• [What to do]:
If a line comes after the one containing "8 Pole Screen", leave it out; copy every line before it, and that line too, exactly as written, starting from the first line of the entries.

Scraped caption text data:
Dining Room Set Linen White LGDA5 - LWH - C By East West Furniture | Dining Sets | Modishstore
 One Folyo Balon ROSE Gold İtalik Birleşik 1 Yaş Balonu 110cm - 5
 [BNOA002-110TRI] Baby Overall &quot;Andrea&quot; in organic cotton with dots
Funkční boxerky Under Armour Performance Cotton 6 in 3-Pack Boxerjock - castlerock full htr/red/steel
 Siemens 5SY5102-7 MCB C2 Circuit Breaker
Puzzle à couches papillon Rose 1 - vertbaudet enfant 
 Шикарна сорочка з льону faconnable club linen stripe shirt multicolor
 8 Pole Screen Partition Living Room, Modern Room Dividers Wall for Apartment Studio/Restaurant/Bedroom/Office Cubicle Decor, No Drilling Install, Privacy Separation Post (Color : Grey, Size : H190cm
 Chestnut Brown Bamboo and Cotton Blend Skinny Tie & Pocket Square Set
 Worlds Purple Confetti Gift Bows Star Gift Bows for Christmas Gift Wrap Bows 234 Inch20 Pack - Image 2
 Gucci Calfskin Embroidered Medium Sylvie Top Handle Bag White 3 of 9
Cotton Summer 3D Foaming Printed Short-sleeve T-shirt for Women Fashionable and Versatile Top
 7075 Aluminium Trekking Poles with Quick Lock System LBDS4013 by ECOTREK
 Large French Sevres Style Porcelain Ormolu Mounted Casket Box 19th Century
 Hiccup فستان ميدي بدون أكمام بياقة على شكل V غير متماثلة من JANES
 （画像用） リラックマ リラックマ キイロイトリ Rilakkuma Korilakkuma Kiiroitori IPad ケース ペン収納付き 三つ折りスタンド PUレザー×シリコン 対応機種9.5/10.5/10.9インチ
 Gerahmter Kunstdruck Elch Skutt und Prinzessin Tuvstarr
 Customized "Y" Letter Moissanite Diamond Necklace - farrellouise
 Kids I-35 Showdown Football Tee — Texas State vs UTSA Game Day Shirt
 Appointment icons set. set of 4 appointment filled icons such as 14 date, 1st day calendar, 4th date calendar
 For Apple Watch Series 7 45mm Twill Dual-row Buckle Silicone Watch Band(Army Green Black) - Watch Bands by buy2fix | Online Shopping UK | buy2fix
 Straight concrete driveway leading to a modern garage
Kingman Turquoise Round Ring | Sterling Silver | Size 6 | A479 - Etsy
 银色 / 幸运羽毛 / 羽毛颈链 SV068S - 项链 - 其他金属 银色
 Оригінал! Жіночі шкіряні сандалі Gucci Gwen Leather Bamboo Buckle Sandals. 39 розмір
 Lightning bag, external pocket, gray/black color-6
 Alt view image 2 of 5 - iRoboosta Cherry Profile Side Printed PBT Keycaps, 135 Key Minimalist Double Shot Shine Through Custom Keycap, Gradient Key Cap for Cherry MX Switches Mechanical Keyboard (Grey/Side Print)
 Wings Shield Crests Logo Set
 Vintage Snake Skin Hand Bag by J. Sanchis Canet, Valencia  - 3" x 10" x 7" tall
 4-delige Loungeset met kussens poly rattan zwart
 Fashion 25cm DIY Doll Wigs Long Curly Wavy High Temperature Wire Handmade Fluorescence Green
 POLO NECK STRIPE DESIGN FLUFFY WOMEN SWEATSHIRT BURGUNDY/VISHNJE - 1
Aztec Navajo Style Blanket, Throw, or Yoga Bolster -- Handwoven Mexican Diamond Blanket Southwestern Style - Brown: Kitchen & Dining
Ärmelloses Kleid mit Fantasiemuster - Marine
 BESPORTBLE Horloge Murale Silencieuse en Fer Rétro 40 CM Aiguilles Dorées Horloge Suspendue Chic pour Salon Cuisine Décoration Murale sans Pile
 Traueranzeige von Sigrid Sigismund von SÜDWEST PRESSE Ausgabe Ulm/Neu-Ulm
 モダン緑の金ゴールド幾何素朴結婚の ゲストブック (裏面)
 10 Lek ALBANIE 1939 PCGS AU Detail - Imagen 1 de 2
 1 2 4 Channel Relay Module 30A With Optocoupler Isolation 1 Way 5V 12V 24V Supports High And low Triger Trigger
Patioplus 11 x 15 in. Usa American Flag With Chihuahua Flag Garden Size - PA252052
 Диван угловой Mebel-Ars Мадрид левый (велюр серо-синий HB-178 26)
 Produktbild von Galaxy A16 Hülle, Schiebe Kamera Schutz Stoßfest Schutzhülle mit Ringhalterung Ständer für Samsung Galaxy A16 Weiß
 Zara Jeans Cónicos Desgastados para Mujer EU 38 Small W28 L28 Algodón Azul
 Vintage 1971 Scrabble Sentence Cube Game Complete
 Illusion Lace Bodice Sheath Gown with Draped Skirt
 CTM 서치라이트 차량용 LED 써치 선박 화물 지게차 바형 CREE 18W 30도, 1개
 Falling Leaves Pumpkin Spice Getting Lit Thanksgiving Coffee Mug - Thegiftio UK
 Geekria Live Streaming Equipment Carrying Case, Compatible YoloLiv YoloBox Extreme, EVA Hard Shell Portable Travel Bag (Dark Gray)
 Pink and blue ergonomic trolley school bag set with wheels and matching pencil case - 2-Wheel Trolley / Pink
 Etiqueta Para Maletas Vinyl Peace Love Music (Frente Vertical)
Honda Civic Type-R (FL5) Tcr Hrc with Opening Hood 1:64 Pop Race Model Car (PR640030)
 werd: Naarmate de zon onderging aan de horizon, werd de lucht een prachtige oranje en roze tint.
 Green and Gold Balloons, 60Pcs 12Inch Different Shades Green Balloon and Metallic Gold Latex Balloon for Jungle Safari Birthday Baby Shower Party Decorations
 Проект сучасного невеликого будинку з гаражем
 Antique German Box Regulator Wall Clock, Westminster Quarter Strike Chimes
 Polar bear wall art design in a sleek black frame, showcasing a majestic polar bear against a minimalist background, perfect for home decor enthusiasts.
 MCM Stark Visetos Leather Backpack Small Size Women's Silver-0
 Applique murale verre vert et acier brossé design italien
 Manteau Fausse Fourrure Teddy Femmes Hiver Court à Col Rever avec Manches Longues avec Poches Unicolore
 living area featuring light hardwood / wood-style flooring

• [Answer area]:
Dining Room Set Linen White LGDA5 - LWH - C By East West Furniture | Dining Sets | Modishstore
 One Folyo Balon ROSE Gold İtalik Birleşik 1 Yaş Balonu 110cm - 5
 [BNOA002-110TRI] Baby Overall &quot;Andrea&quot; in organic cotton with dots
Funkční boxerky Under Armour Performance Cotton 6 in 3-Pack Boxerjock - castlerock full htr/red/steel
 Siemens 5SY5102-7 MCB C2 Circuit Breaker
Puzzle à couches papillon Rose 1 - vertbaudet enfant 
 Шикарна сорочка з льону faconnable club linen stripe shirt multicolor
 8 Pole Screen Partition Living Room, Modern Room Dividers Wall for Apartment Studio/Restaurant/Bedroom/Office Cubicle Decor, No Drilling Install, Privacy Separation Post (Color : Grey, Size : H190cm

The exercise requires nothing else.